Poi un vicequestore di punta che nel 2011, stando agli atti acquisiti per il ricorso, si era posizionato 299° per poi ritrovarsi 47° l’anno successivo; appena passata la selezione fu indagato dalla Procura di Roma per calunnia e falso ideologico. Parliamo del tifoso pestaggio di Stefano Gugliotta. Ma ecco, ancora una volta, l’ombra del G8: tra i dirigenti selezionati due funzionari che erano a Genova e hanno avuto a che fare con le famose molotov. Un clamoroso falso per incastrare i dimostranti.
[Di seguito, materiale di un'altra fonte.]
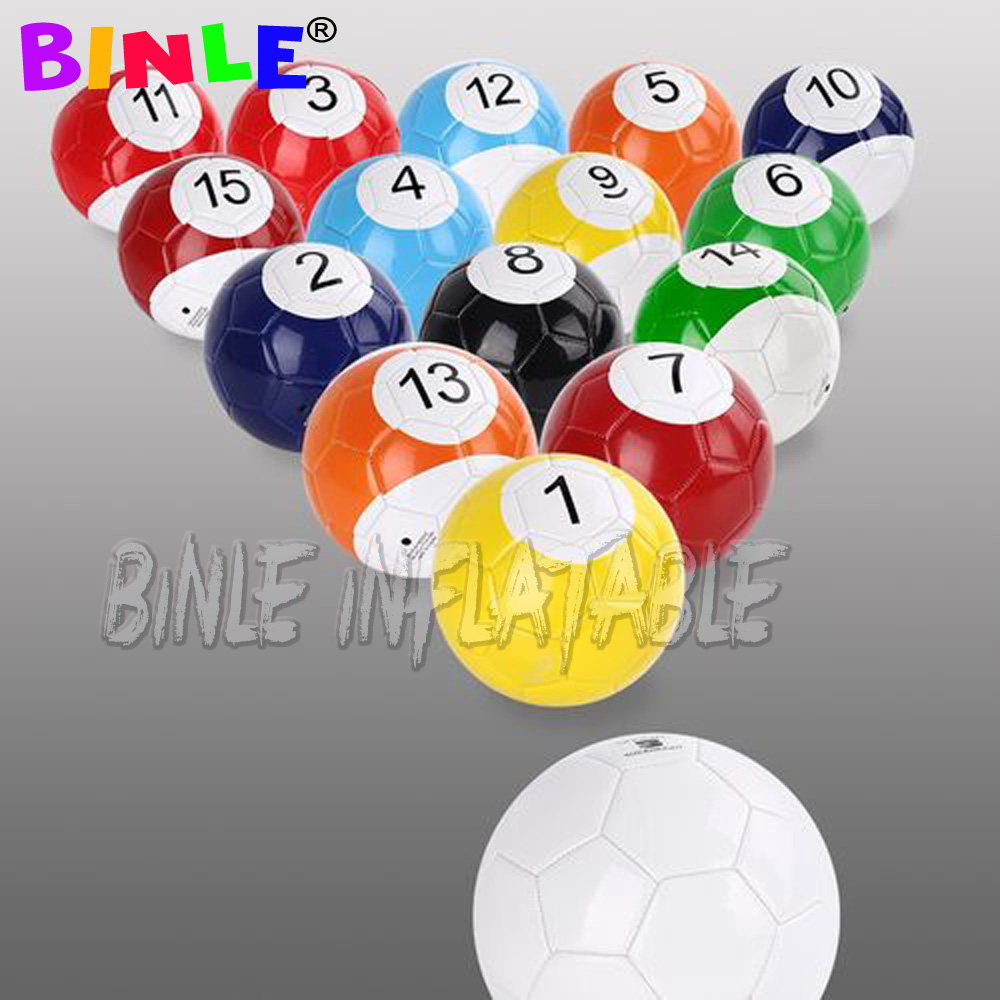 Blue And Green Giant Inflatable Snooker Soccer Human Pool Table With 16 Balls For Sale Funny Outdoor Or Indoor Football Games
Hanno fatto balzi di 314 e 407 posti. Ma come sono possibili questi salti? Dal Viminale, come l’anno scorso, una risposta ufficiosa: “Le regole dello scrutinio sono pubbliche. Cambiano i governi, i vertici della polizia, le priorità della loro azione, e anche le caratteristiche richieste ai candidati”. Bertolami assicura: “Faremo chiarezza anche quest’anno. Non è più accettabile un sistema che, tra colleghi oggettivamente meritevoli, premia frettolosamente anche funzionari i cui uffici sono protagonisti di fatti di cronaca non ancora chiariti”.